ENTRIES SUPPLIED:
**********

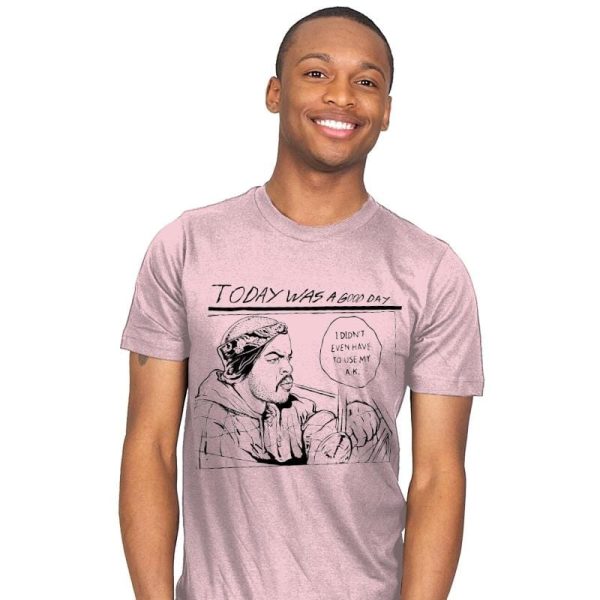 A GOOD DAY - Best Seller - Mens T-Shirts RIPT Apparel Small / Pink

**********

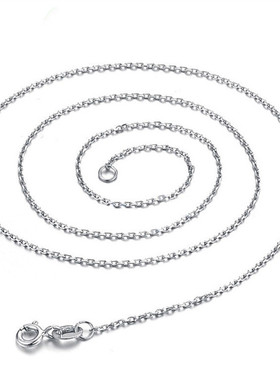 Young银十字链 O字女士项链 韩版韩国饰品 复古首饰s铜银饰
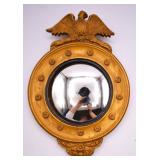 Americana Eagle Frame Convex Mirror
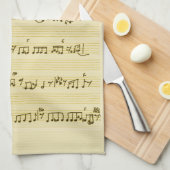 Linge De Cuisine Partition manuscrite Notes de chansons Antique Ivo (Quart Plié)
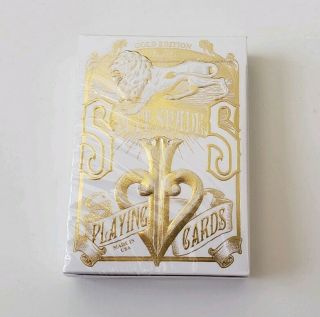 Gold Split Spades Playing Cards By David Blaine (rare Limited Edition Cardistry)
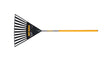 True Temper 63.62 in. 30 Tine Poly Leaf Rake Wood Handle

**********

TASK INSTRUCTIONS: Copy nothing but the lines above that run from the one with "Young银十字链 O字女士项链 韩版韩国饰品 复古首饰s铜银饰" to the one with "True Temper 63.62", ends included; pictures stay out.

SOLUTION:
 Young银十字链 O字女士项链 韩版韩国饰品 复古首饰s铜银饰
 Americana Eagle Frame Convex Mirror
 Linge De Cuisine Partition manuscrite Notes de chansons Antique Ivo (Quart Plié)
 Gold Split Spades Playing Cards By David Blaine (rare Limited Edition Cardistry)
 True Temper 63.62 in. 30 Tine Poly Leaf Rake Wood Handle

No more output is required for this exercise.